CPAP使用率100%でもEDSが残存する症例
症例
40歳台男性 身長:179㎝ 体重:115Kg BMI:35.9 2023年にいびきと日中過眠を主訴に来院、降圧剤服用中。
診断PSGで重症OSA(AHI=90.7回/時間)と診断され、CPAP治療を開始、アドヒアランス良好(使用率、4時間以上の使用率ともに100%)でも、日中の眠気が残存するため、今回CPAPの効果判定目的にタイトレーションPSGを行いました。ほぼオート設定(4-12㎝H2O)での残存AHIは5回/時間でした。CPAP装置からのダウンロードデータではAHIはわずか0.2回/時間であり、この乖離も気になるところです。CPAP圧トレンドから圧が頭打ちであることがわかり、治療圧を6-13㎝H2Oに変更予定です。
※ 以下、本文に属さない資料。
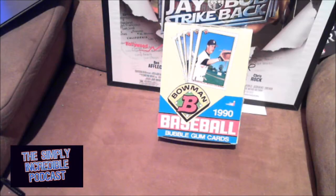Hey everybody, this is Daryl, a.k.a. The D from the Simply Incredible Podcast. It's the first night of the 2019 World Series. I'm pretty excited about the pitching matchups — on the Nationals, their top two guys Strasburg and Scherzer; the Astros, their two top guys Verlander and Cole. This should be an amazing World Series.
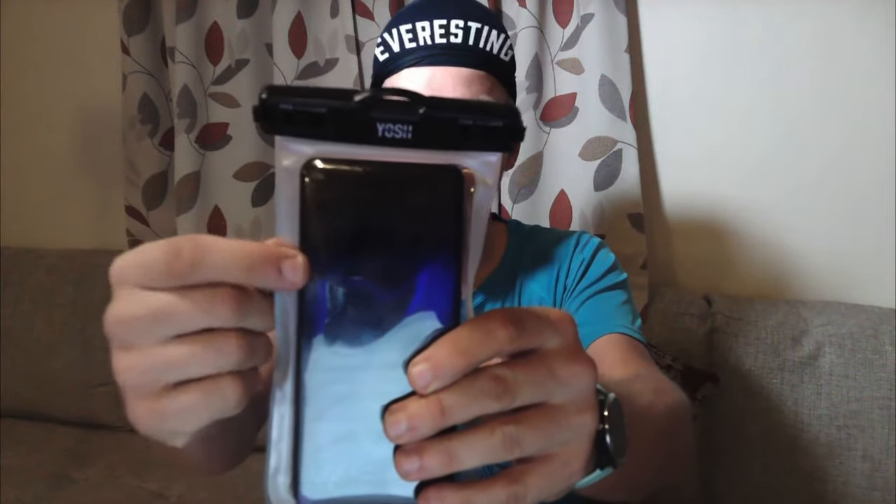Just to finish this video — I'm not sponsored by Yoshi in any way, but I will put a link to this particular waterproof case down in the description below. I hope you found this entertaining and interesting and hopefully it'll work for you. I need to go out and give it a test drive in the pouring rain, so expect a video in the future. Okay, that's it for me, I'll see you in the next one. Bye-bye.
もう1点EDSの原因と思われるのは、覚醒反応指数が依然として高値(覚醒反応指数:29.5回/時間)であることです。波形からはPLMもなく呼吸イベントもない状態で覚醒反応を認め、睡眠の分断が残存していました。覚醒閾値が低下していると思われ、眠剤の使用も検討したほうが良いかもしれません。ただ眠剤の持越しでEDSがさらに悪化する可能性も否定できません。CPAP使用中の残遺眠気については、モダフィニルなどの薬剤も保険適用となっていますが、そのためにはMSLT(反復睡眠潜時検査)という客観的な眠気を評価する検査が必要となります。